Lancashire Times
A Voice of the North
Jan Harris
Assistant Editor
7:00 AM 30th September 2020

Shine On Harvest Moon!

On Thursday 1 October the Harvest Moon rose and was visible in our night skies for a few days.

Image by David Mark from Pixabay
Image by David Mark from Pixabay
Why a Harvest Moon?

The term ‘harvest moon’ refers to the full, bright moon that is closest to the autumnal equinox or the start of autumn. The name is from the time before electricity, when farmers depended on the moon's light to harvest their crops late into the night.

Most years the September full moon is the Harvest moon but every three years it is in the month of October. When the Harvest moon falls in the month of October it means that September’s full moon can use its traditional name of Corn Moon.

photo by Sandy Auriene Sullivan
photo by Sandy Auriene Sullivan
As September’s full moon was at the beginning of the month and was the last full moon of the summer, the October full moon takes on the name of Harvest moon as it falls nearest to the autumnal equinox (22 or 23 September).

Why two full moons in one month?

The month of October in 2020 will actually have two full moons, the Harvest moon on the 1 October and a Blue moon on the 31 October, which will be a rare Halloween Blue Moon.

Why a full moon?

A full moon occurs when the moon's earth-facing side is completely illuminated by the sun. Scientists say that when you see the moon looking really large as it rises in the sky your brain is actually playing a trick on you.

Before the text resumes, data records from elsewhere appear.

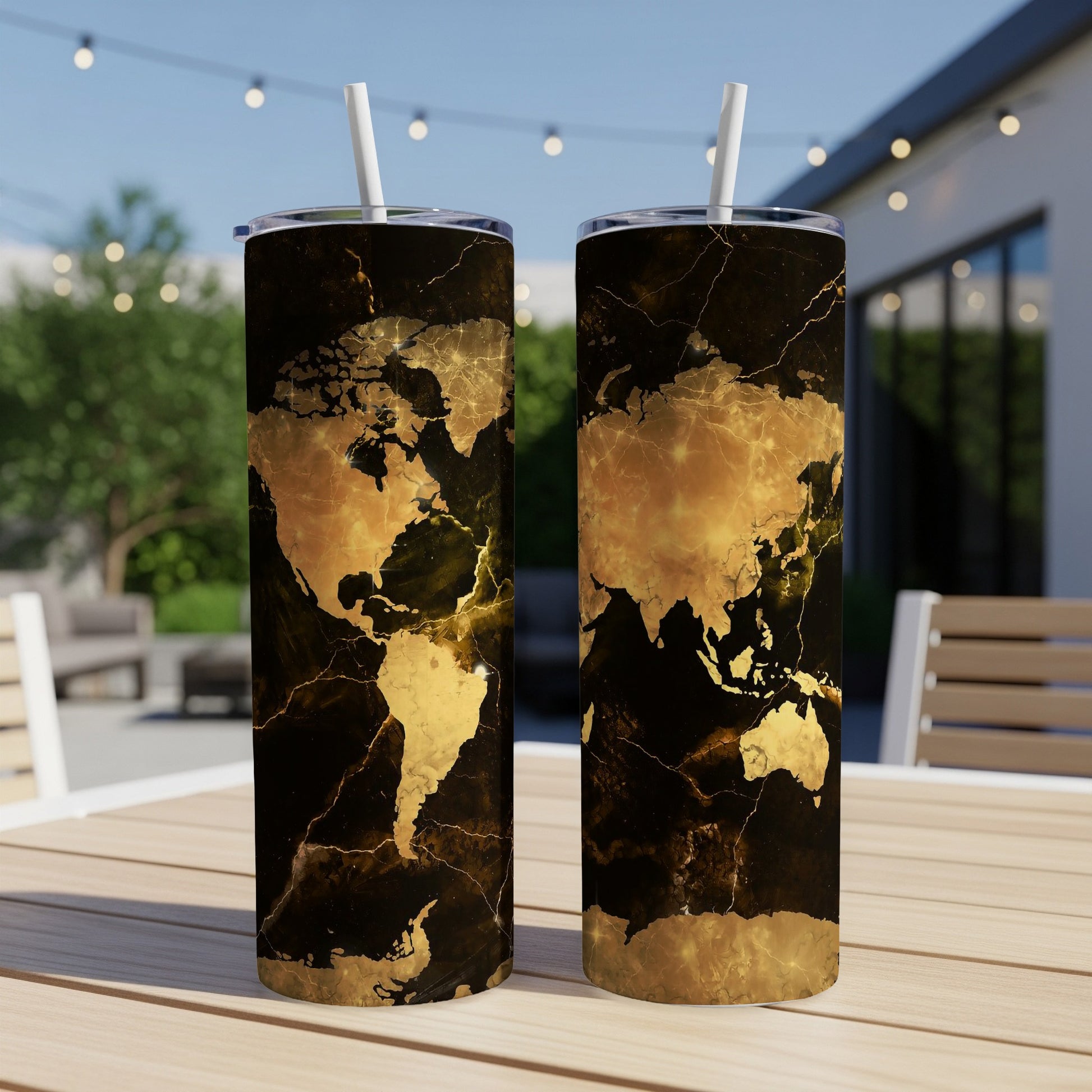 Two tumblers with a black and gold world map design, each with a white straw.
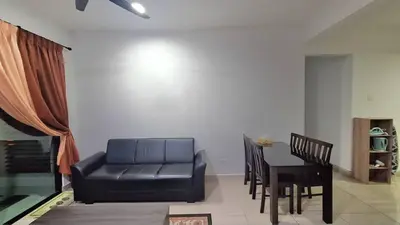 a living room with a couch and a table at A well-kept unit with four bedrooms and ensuite bathrooms in Kampar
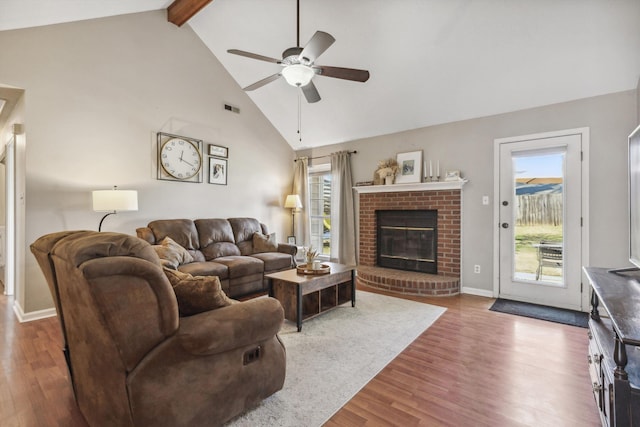 living room with ceiling fan, vaulted ceiling with beams, a fireplace, and wood-type flooring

There are many reasons as to why this is, but the main theory is that when the moon is low on the horizon it can be compared to earthly things, like buildings and trees, and this is why it seems huge.

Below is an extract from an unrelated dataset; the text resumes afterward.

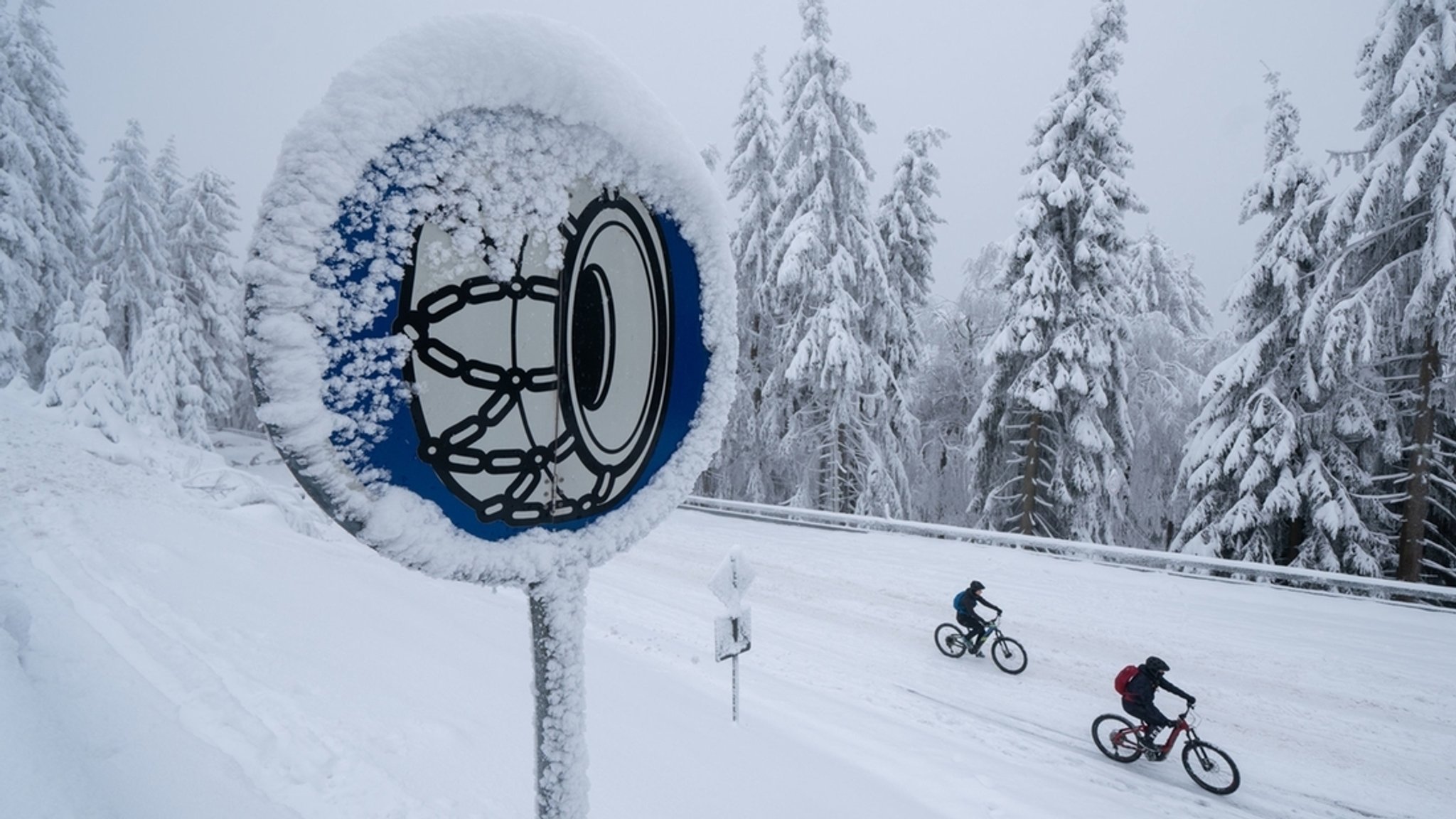 Blaues Schild mit weißem Reifensymbol mit Schneeketten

Every month of the year there is a full moon which illuminates the sky, each of which is given a different name.

Dates and names of full moons 2020

January 10 - Wolf Moon
photo by Rob Harris
photo by Rob Harris
February 9 - Snow Moon
March 9 - Worm Moon
April 7 - Pink Moon
May 7 - Flower Moon
June 5 - Strawberry Moon
July 5 - Buck Moon
August 3 - Sturgeon Moon
September 2 - Corn Moon
October 1 - Harvest Moon
October 31 - Blue Moon
November 30 - Beaver Moon
December 29 - Cold Moon

There are a total of 12 full moon phases during the annual lunar cycle plus the occasional Blue Moon and each full moon has a unique name.

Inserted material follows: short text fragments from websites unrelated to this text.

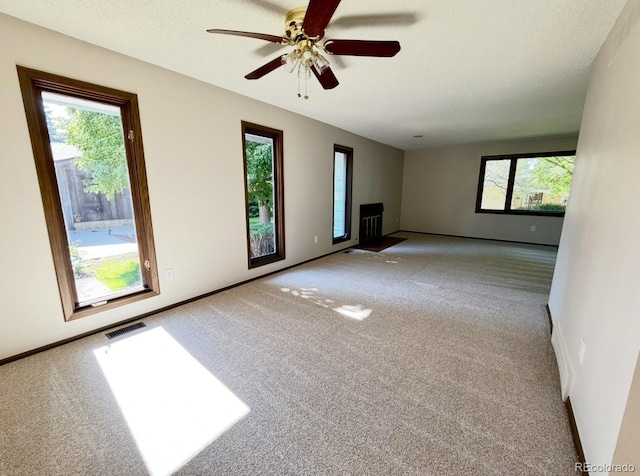 53 Douglas Dr S, Broomfield, CO 80020 - unfurnished living room with carpet, plenty of natural light, and ceiling fan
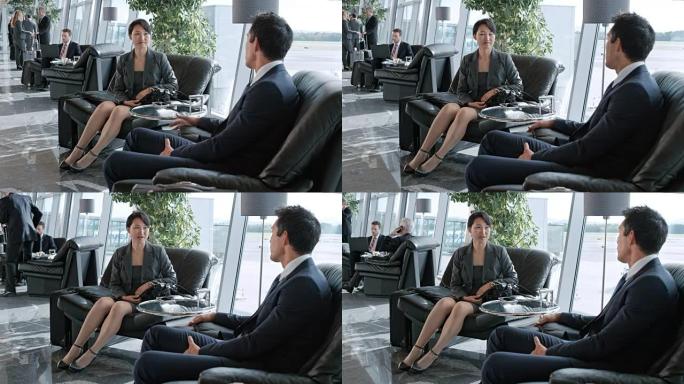 DS亚洲商人男女坐在机场的商务休息室里聊天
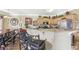 A view of the Kitchen with a breakfast bar, wooden cabinets, modern appliances, and stylish decor at 1600 Yukon Ct, Atlanta, GA 30349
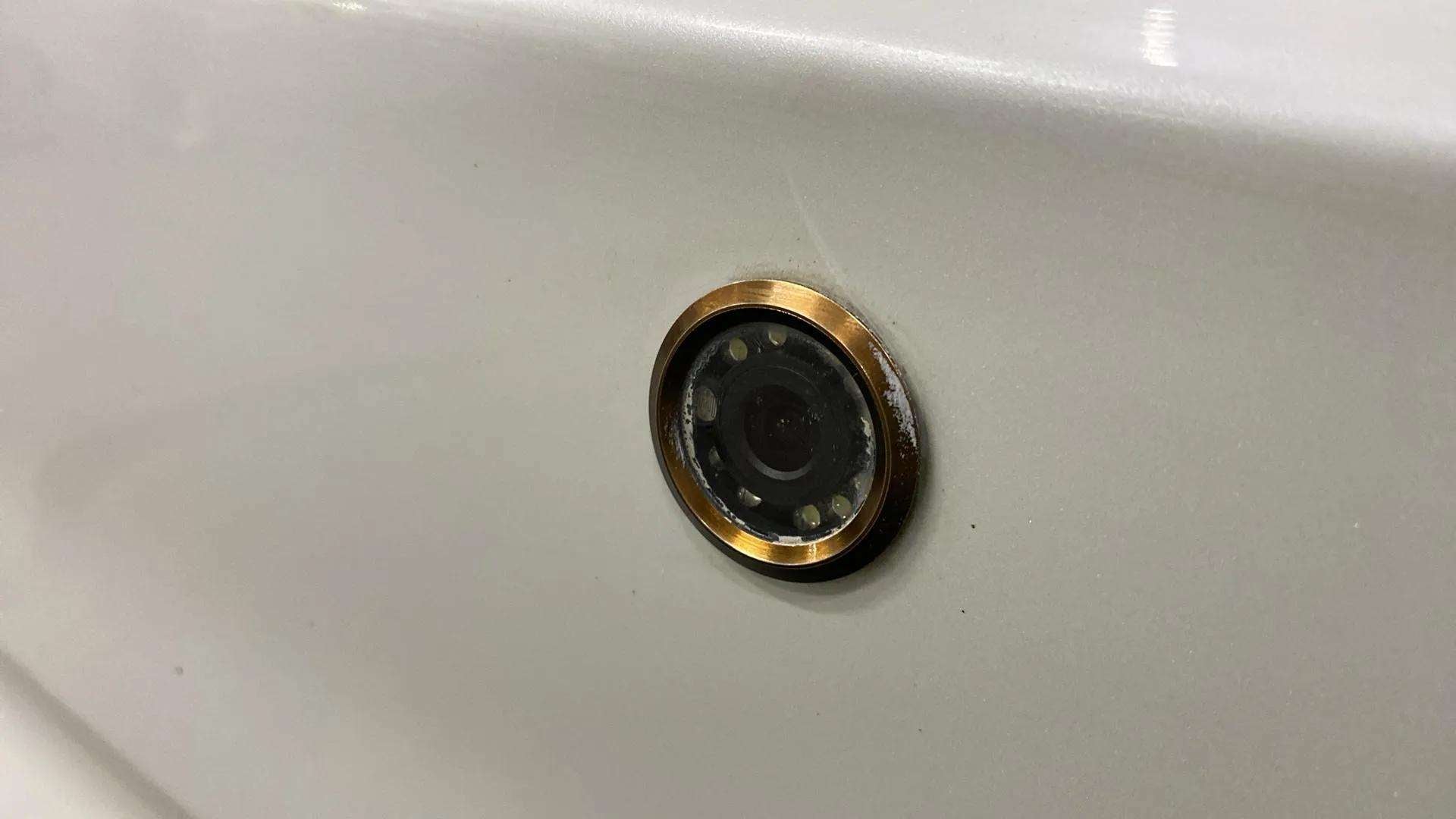 Close-up of a rear camera on a Maruti Suzuki Dzire 2018-2023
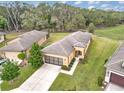 Aerial view of a well-maintained home with lush green lawn and mature landscaping in a quiet neighborhood at 9697 Sw 63Rd Loop, Ocala, FL 34481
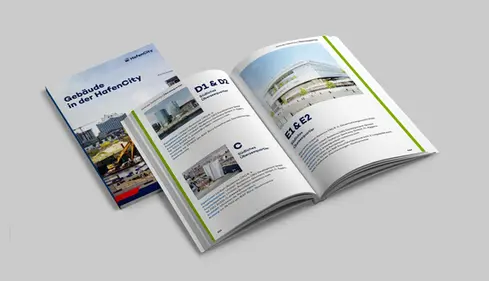 Open brochure 'Gebäude in der HafenCity' displaying modern architectural projects in the Überseequartier.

The traditional names given to the full moons during the year are derived from the North American traditions. Many of these ancient moon names have been given based on the behaviour of the plants, animals, or weather during that month.

However the full moon names we now use also have Anglo-Saxon and Germanic roots.

The next full moon will rise on 31 October and will be a rare Halloween Blue Moon.